A highly customized ex-military M1008 as a bug-out vehicle

A highly customized ex-military M1008 as a bug-out vehicle

Peoples opinions on which Bug Out Vehicle (BOV) is the best, are about as varied as the discussions on which firearm is the best. But choosing a BOV is something I’ve given a lot of consideration to because I live on the out-skirts of a major city, and will have to bug-out to a prearranged retreat in the event of a crisis. I started researching my options shortly after the 9/11 attacks, and have come up with the criteria that fit my needs, and maybe the needs of some body else.

This is what I’ve come up with, and I hope it helps someone else.

1.) Four wheel drive vs two wheel drive–Whatever vehicle you choose MUST be four wheel drive, nothing else will do when going off-road. I know that in my area, any and all paved roads will rapidly become parking lots, leaving going cross-country as my only option and two wheel drive will do nothing but get you stuck.

2.) Cargo capacity–What ever vehicle you choose MUST have adequate cargo capacity to carry ALL your survival goods, plus your loved ones (there are off road trailers that can help, and I’ll address those later). This leaves out any of the CJ-YJ series Jeeps, Honda’s, or ANY of the small “SUV’s.” I personally wouldn’t use anything smaller than a half ton. You must also remember that the heavier duty the vehicle is, the tougher it is to break. And believe me when you go off-roading, parts break. So again the spaghetti thin axles and drivetrain parts on these smaller “SUV’s” will probably become a liability, if you have to go cross country.

3.) Mostly stock vs highly modified–Unless you’re extremely wealthy and can carry any spare parts for a modified 4×4, what ever vehicle you choose should remain as stock as possible, with mild upgrades of hard parts being ok. While it’s cool to have a 4×4 that has a lot of “eye candy” and makes every one at the local “Joe’s-biffy-burger-cruise-in” jealous with envy, it will be very difficult to repair in the field when something breaks. You’ll have a much better chance of finding used parts for a mostly stock vehicle, than one that is highly modified. Just keep your modifications to those that will add durability to the vehicle, and give you better off-road performance.

4.) Diesel engine vs gas engine–I’m a huge proponent of a bug-out vehicle that runs on diesel for a number of reasons.

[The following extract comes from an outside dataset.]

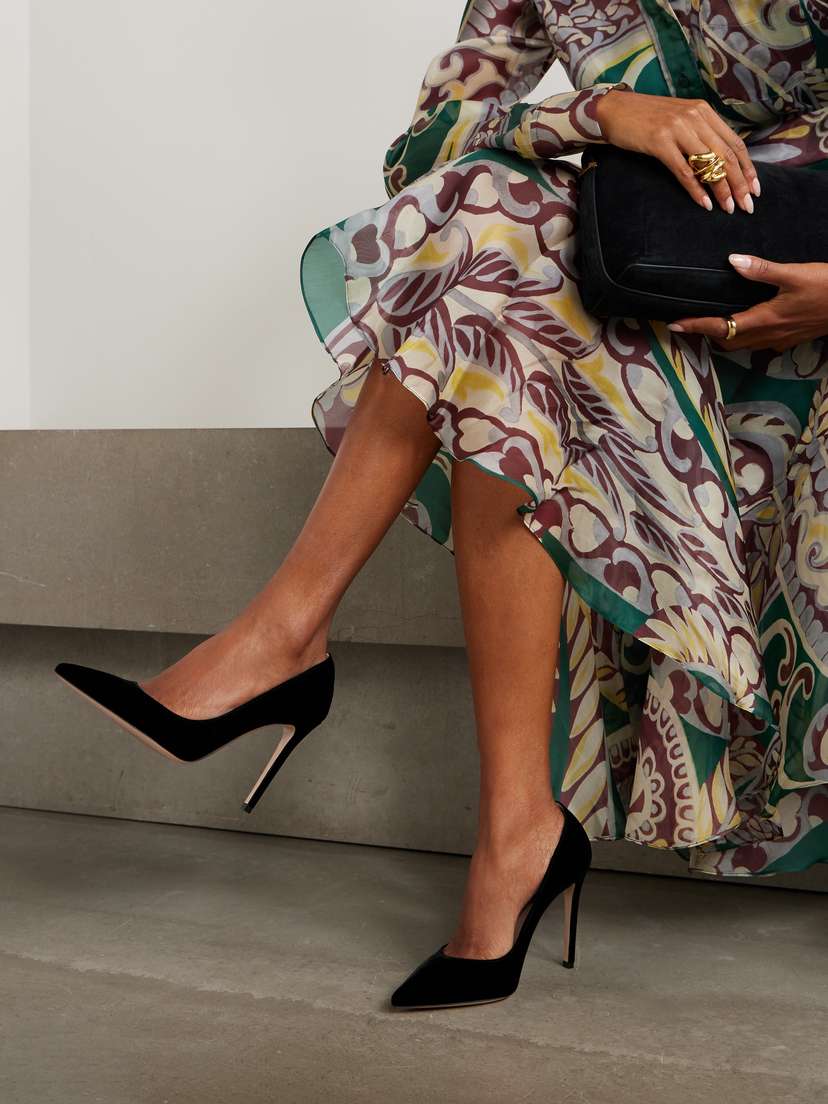 Gianvito Rossi Gianvito 105 Velvet Pumps - back view in Black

a) Durability: A diesel engine’s service life is about twice that of a gas engine.

b) EMP proof: Most of the diesels manufactured before 1998, are mechanical (no computers to control the vitals), and electronics are minimal and should survive an EMP blast, or will be easy to replace. [If I’m wrong about this, some one correct me.]

c) Economy: Generally speaking a diesel engine will get better fuel economy, than it’s gas engine’s counterpart for the same vehicle.

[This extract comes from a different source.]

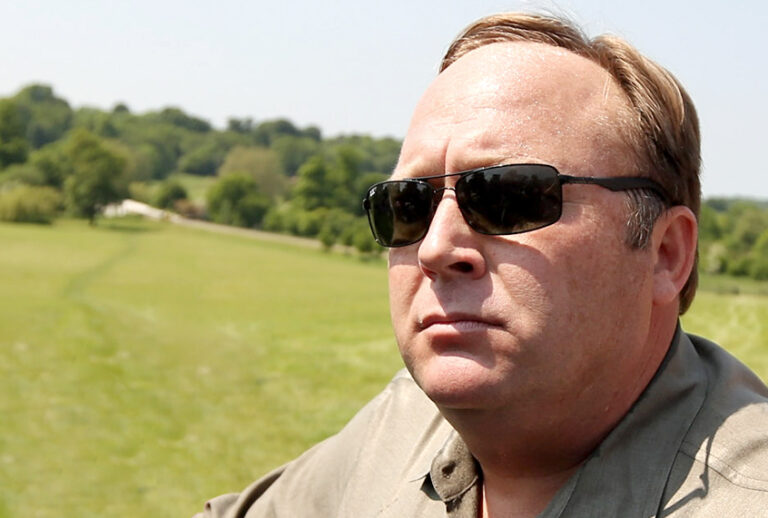 Alex Jones (Getty/Oli Scarff)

d) Ability to use non-standard fuels: A diesel engine will run on other fuels that are “not for highway use.” Diesel engines will run on diesel (of course), home heating oil (keep some cheese cloth or old tee-shirts to strain it), kerosene, JP-5, and JP-8 jet fuels. So by “thinking outside the box”, you have improved your chances of finding a way to re-fuel, when the gas stations are out.

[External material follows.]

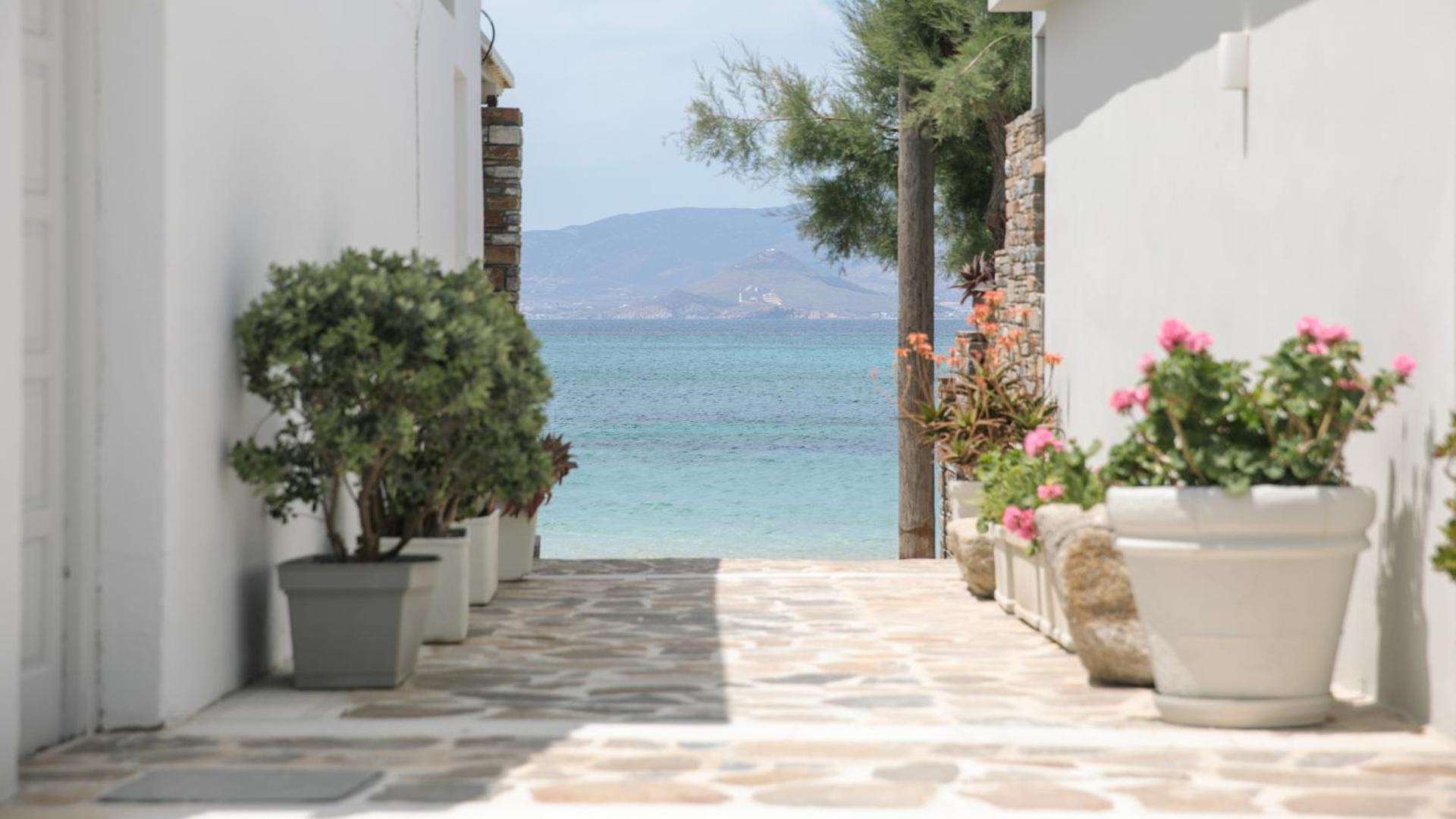 Iria Beach Art Hotel - Photo 107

e) Storing diesel vs storing gasoline: With stabilizers, diesel fuel will store about ten times longer than gasoline that has stabilizers added. Those who already live at their retreat and are storing diesel, will have a fuel source longer than those who are storing gasoline. This also applies to those folks who have diesel generators and live at their retreats.

5.) Off-road trailers: For those who have to have “the latest and greatest” small SUV’s, off-road trailers are available. But when choosing one try to stay away from the standard Ball hitch, try instead to use a trailer that uses a Pintle type hitch. Any one that has done any off-roading with a ball type hitch, knows what I’m talking about. Over rough terrain they tend to come loose, and that’s not what you need when trying to get away from a crisis. There are some really nice commercial trailers but the downside to those is cost, they are expensive. The best deals I’ve found on good off-road trailers, are the ex-military trailers. I’ve seen them selling from around $300-$500, they are the best bargain for those wanting to go that route.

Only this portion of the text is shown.